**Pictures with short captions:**
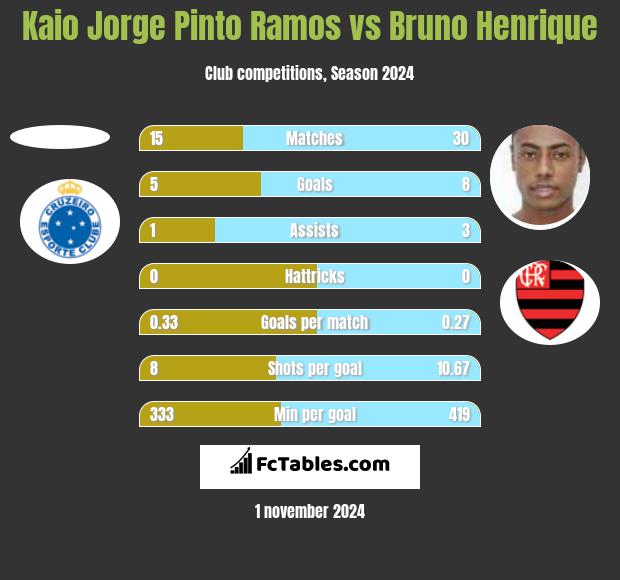 Kaio Jorge Pinto Ramos vs Bruno Henrique h2h player stats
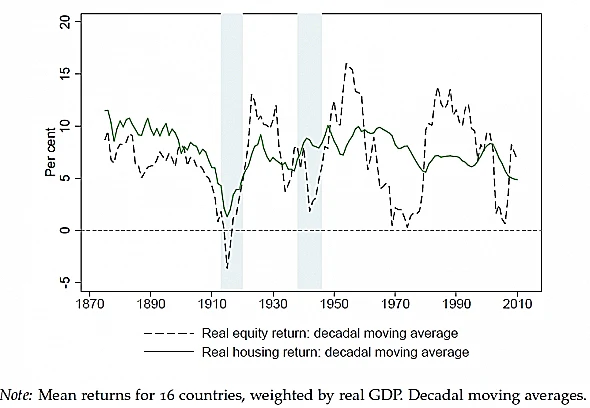 צילום מסך מהמחקר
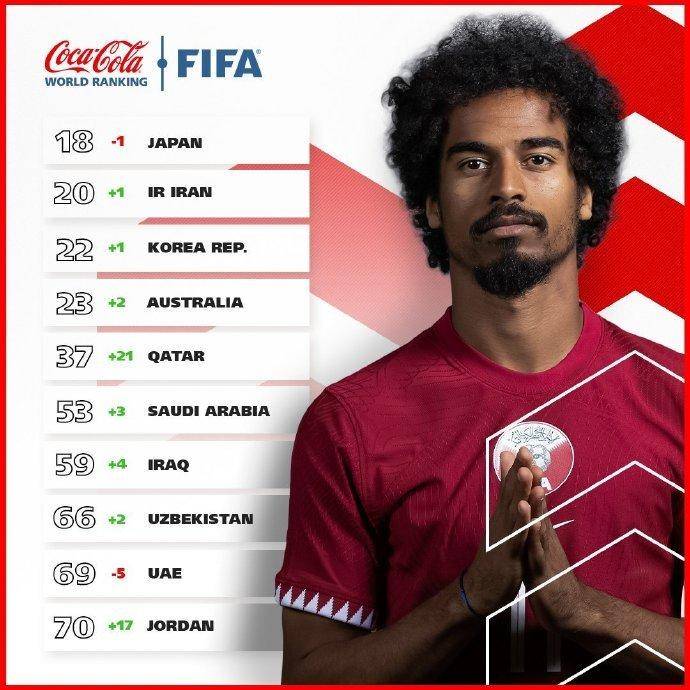 【168sports】中国男足，排名下降9位！2024年首期FIFA男足世界排名公布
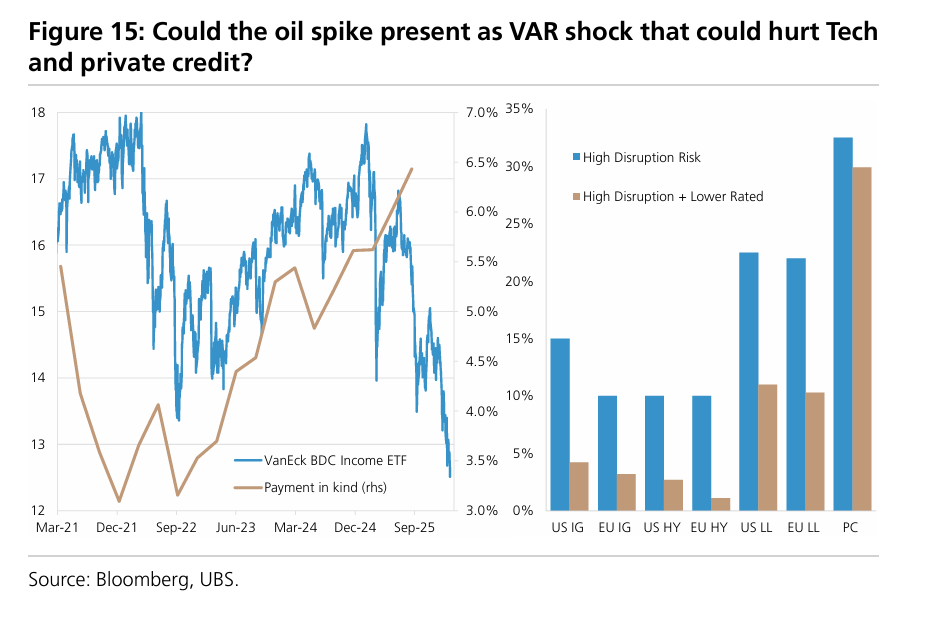 如果中东局势无法很快缓和…… - 图片7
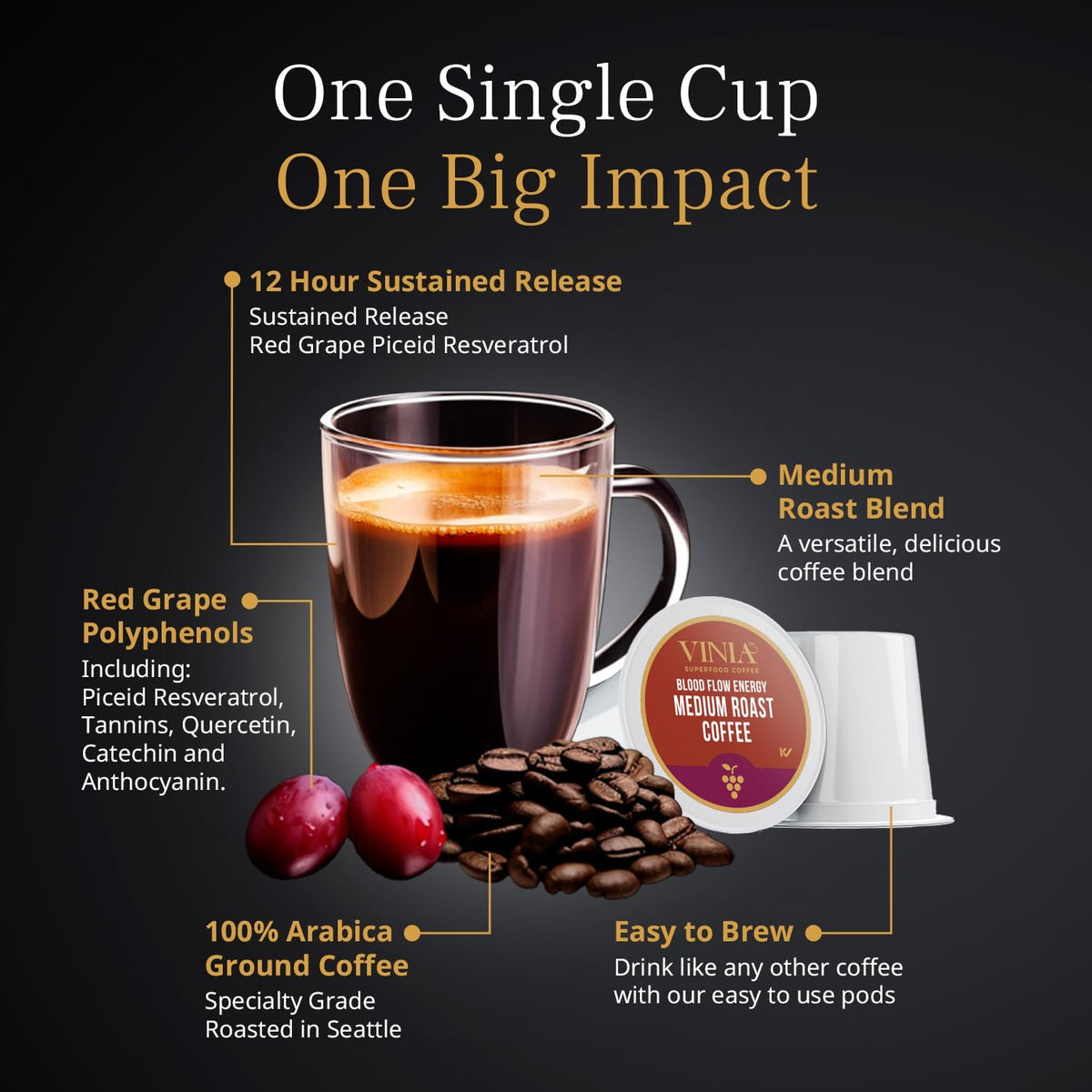 VINIA Medium Dark Roast Coffee Pods with Red Grape Piceid Resveratrol | 60 Ct K-Cups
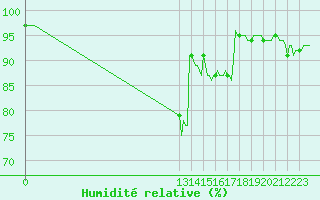 Courbe de l'humidit relative pour Cobru - Bastogne (Be)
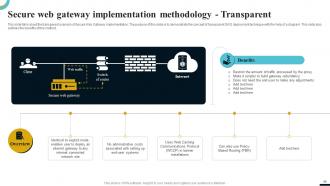 Internet Gateway Security IT Powerpoint Presentation Slides Visual Slides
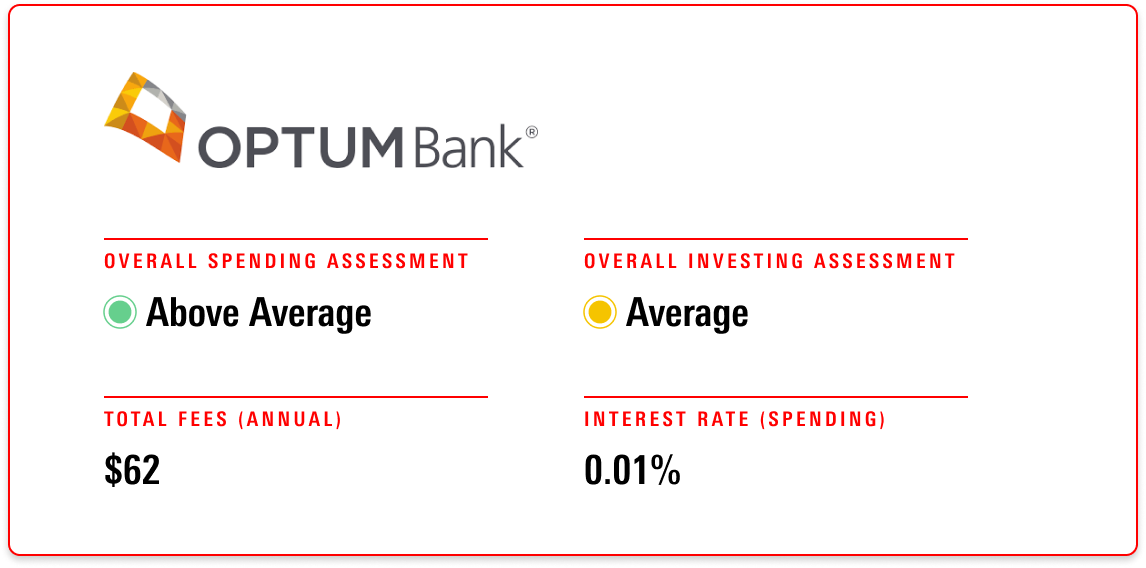 Optum receives an overall evaluation of Above Average for its spending account and Average for its investment account, with annual fees of $70 and an interest rate of 0.01%.
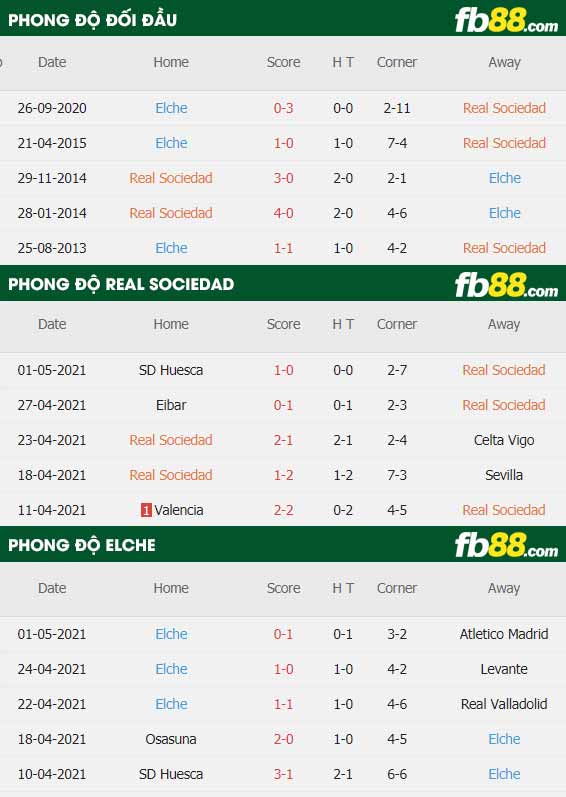 fb88-thông số trận đấu Sociedad vs Elche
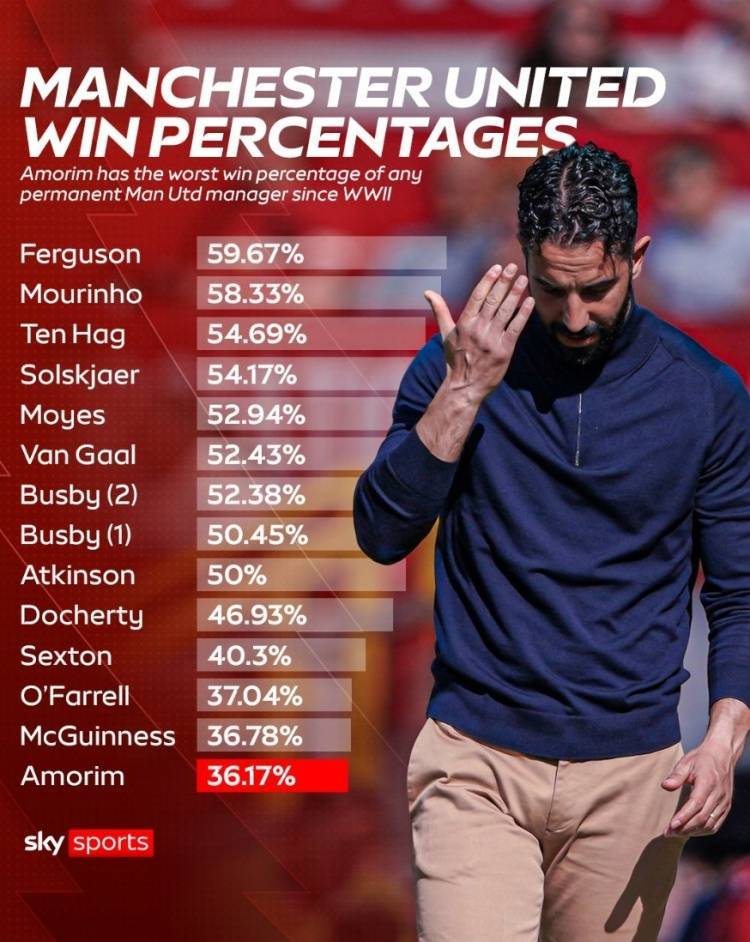 36.17%！阿莫林成二战以来曼联胜率最低的主教练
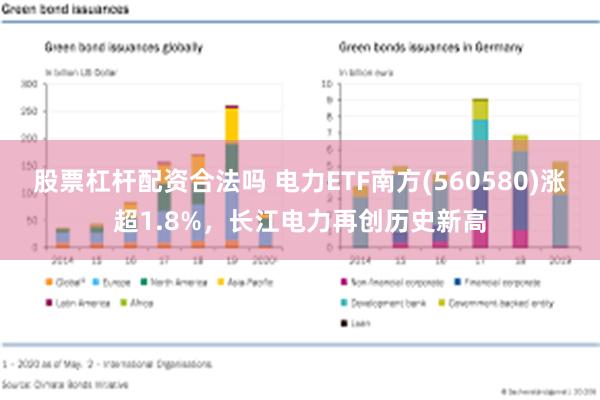 股票杠杆配资合法吗 电力ETF南方(560580)涨超1.8%，长江电力再创历史新高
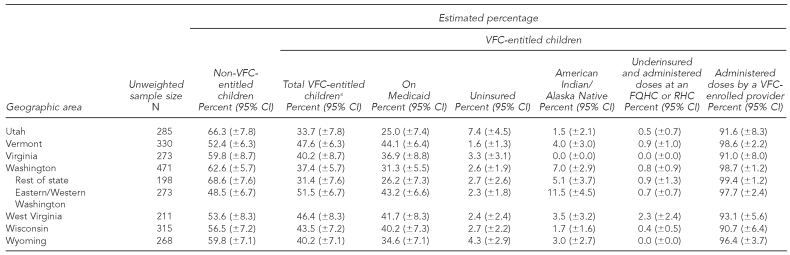 graphic file with name 14_Smith2Table1b.jpg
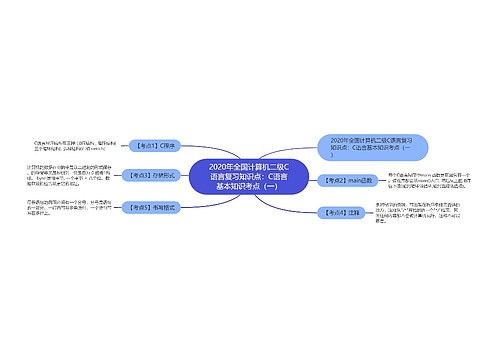 2020年全国计算机二级C语言复习知识点：C语言基本知识考点（一）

**Task goal:**
Could you restate every entry above word for word, leaving out the pictures?

**Written solution:**
 Kaio Jorge Pinto Ramos vs Bruno Henrique h2h player stats
 צילום מסך מהמחקר
 【168sports】中国男足，排名下降9位！2024年首期FIFA男足世界排名公布
 如果中东局势无法很快缓和…… - 图片7
 VINIA Medium Dark Roast Coffee Pods with Red Grape Piceid Resveratrol | 60 Ct K-Cups
 Courbe de l'humidit relative pour Cobru - Bastogne (Be)
 Internet Gateway Security IT Powerpoint Presentation Slides Visual Slides
 Optum receives an overall evaluation of Above Average for its spending account and Average for its investment account, with annual fees of $70 and an interest rate of 0.01%.
 fb88-thông số trận đấu Sociedad vs Elche
 36.17%！阿莫林成二战以来曼联胜率最低的主教练
 股票杠杆配资合法吗 电力ETF南方(560580)涨超1.8%，长江电力再创历史新高
 graphic file with name 14_Smith2Table1b.jpg
 2020年全国计算机二级C语言复习知识点：C语言基本知识考点（一）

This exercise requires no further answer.